Miss Stray glanced thoughtfully into the fire.
“The difficulty,” she said carefully, “may lie in conflating unpredictability with metaphysical freedom.”
Blottisham looked encouraged.
“Yes! Precisely!”
“No,” said Miss Stray gently. “Again, not precisely.”
Blottisham deflated slightly.
She continued:
“A system may be difficult to predict for many reasons — complexity, incomplete information, recursive self-reference, probabilistic dynamics, or limitations in observation. None of these automatically establish freedom in the strong metaphysical sense.”
Quillibrace nodded approvingly.
“Quite so. Weather systems are notoriously unpredictable. One does not therefore conclude that thunderstorms possess moral autonomy.”
Blottisham crossed his arms.
“But I could have chosen differently.”
“Could you?” asked Quillibrace mildly.
“Yes.”
“In exactly the same universe?”
“Yes.”
“With exactly the same prior conditions?”
“Yes.”
Quillibrace regarded him quietly.
“My dear fellow, you are now attempting to smuggle metaphysical indeterminacy into breakfast.”
Blottisham opened his mouth.
Paused.
Closed it again.
Miss Stray spoke softly.
“There may also be a hidden ambiguity in what we mean by ‘could have done otherwise.’”
Blottisham pointed at her eagerly.
“Exactly!”
She ignored this.
“In ordinary life, the phrase usually means the system possessed multiple available potentials relative to its organisation and constraints. But in metaphysical debates, people often reinterpret it as requiring the entire universe to have unfolded differently while remaining somehow identical.”
Quillibrace smiled faintly.
“A manoeuvre popular among philosophers because it converts perfectly intelligible experiences into impossible cosmological riddles.”
Blottisham frowned at his cereal.
“But it felt like I interrupted causality.”
Quillibrace leaned back.
“My dear Blottisham, causality is not a railway timetable occasionally disrupted by acts of bran-based rebellion.”
The fire crackled gently.
Rain whispered against the windows.
At last Blottisham spoke again.
“So you’re saying my cereal choice was determined?”
“I am saying,” replied Quillibrace carefully, “that your inability to identify the relational conditions contributing to an event does not magically place the event outside relational organisation.”
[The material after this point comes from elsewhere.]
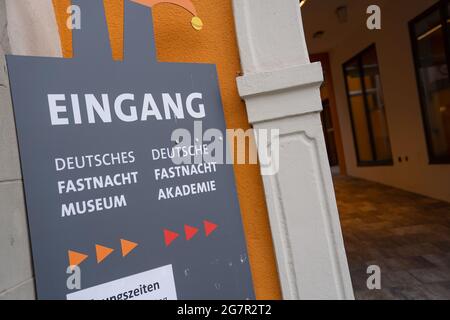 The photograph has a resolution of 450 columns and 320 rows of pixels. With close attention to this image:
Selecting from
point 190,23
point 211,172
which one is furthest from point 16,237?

Blottisham looked thoughtful.
Then suddenly his eyes widened.
“I see!” he cried. “So free will is deterministic unpredictability!”
Quillibrace stared silently into the middle distance with the exhausted expression of a man watching a piano fall slowly down a staircase in conceptual slow motion.
Miss Stray quietly reached over and moved the sherry bottle closer to him without a word.